EUR/USD

The dollar gained initial support on Tuesday from a deterioration in risk appetite as fears over the Libyan situation and the Middle East continued. The Euro was subjected to further selling pressure during European trading, dipping to lows close to 1.3525, but there was then a sharp recovery.

Comments from ECB officials were again watched very closely with Mersch commenting that there would need to be a rebalancing of monetary stance at some point. There were suggestions that there could be a consensus for a tougher language at the early-March monetary council meeting. The comments inevitably fuelled speculation that the central bank would move to tighten policy earlier than expected. 

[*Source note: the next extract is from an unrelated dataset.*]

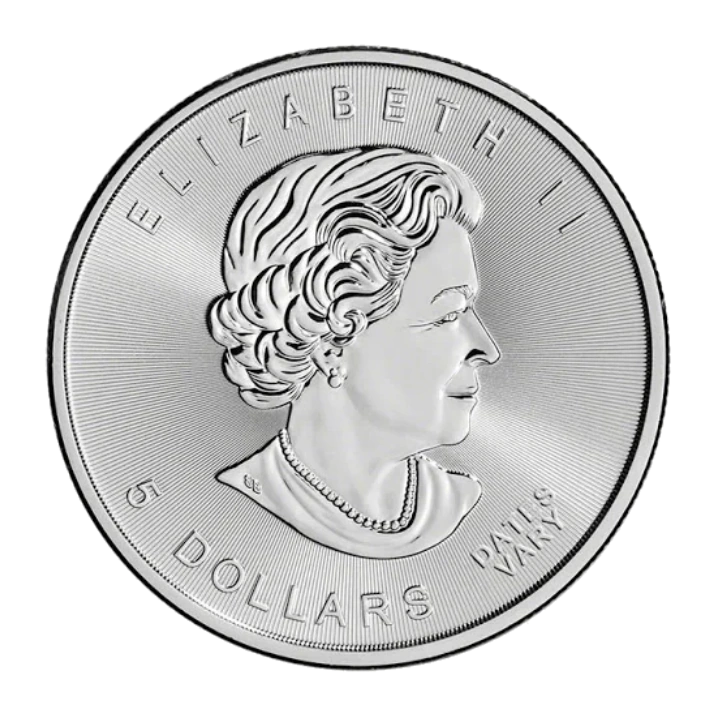 Canadian Silver Maple Leaf 1 Ounce Bullion Coin — Year Varies — obverse, representative image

The comments boosted the Euro strongly during the US session with a high near 1.37. There will still be concerns that any tightening will have a negative impact on the peripheral economies which would reinforce the structural weaknesses. Tensions will remain high ahead of the planned March 24-25 EU Summit, especially if peripheral credit-default spreads continue to widen.

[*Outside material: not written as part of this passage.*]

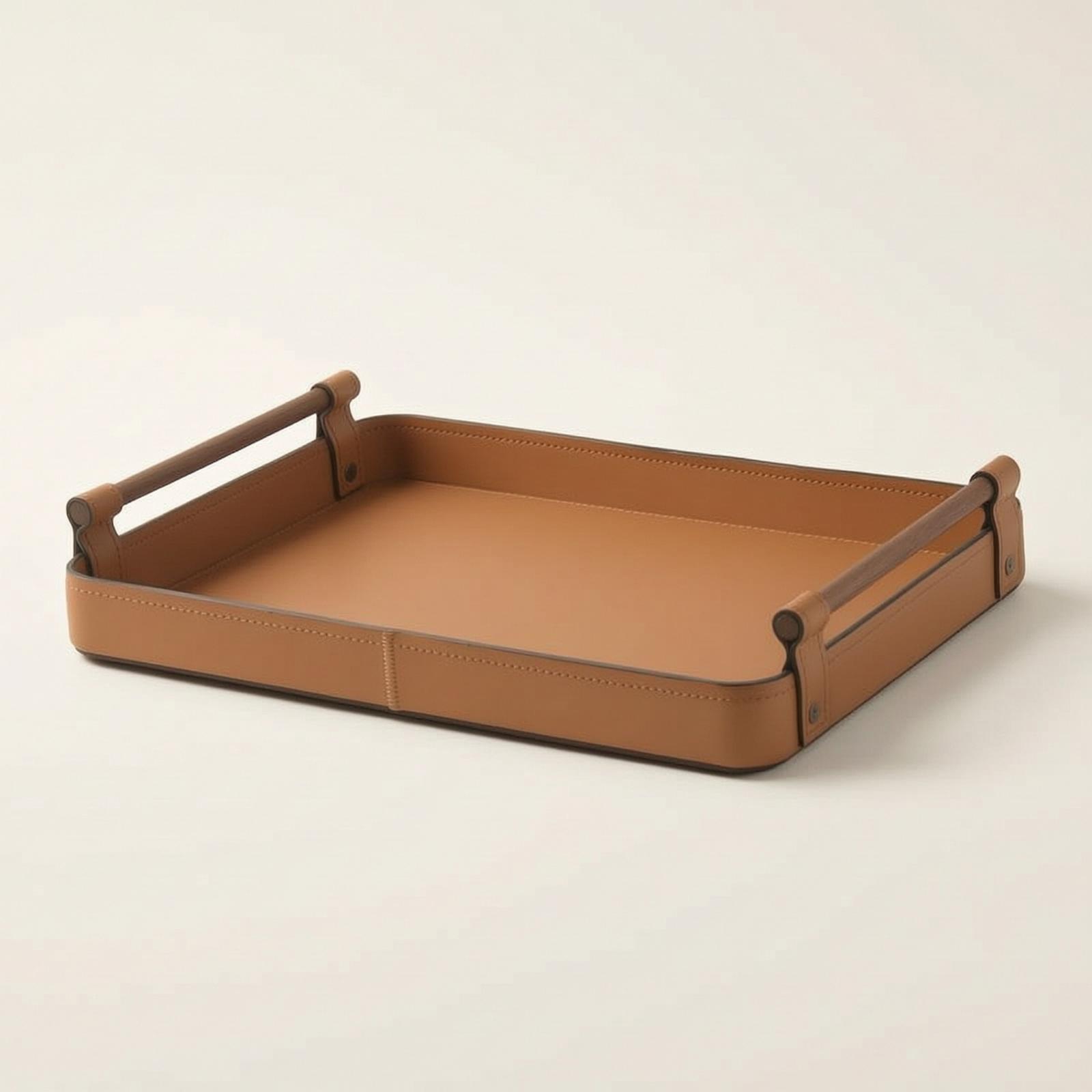 손잡이가 있는 수납 트레이, 가죽 느낌의 정리함, 현관 - Valet Tray Nightstand Organizer Leather 리뷰 및 가격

The US consumer confidence data recorded an increase to a three-year high of 70.4 for February from a revised 64.8 the previous month which will maintain optimism over near-term consumer spending trends.  In contrast, the Case-Shiller house-price index recorded a 2.4% decline in the year to December which will maintain doubts over the housing sector.

Regional Fed President Evans maintained a dovish tone in comments on Tuesday and there will still be expectations that the Fed will be very slow to adjust policy with the dollar near 1.37 in Asia on Wednesday.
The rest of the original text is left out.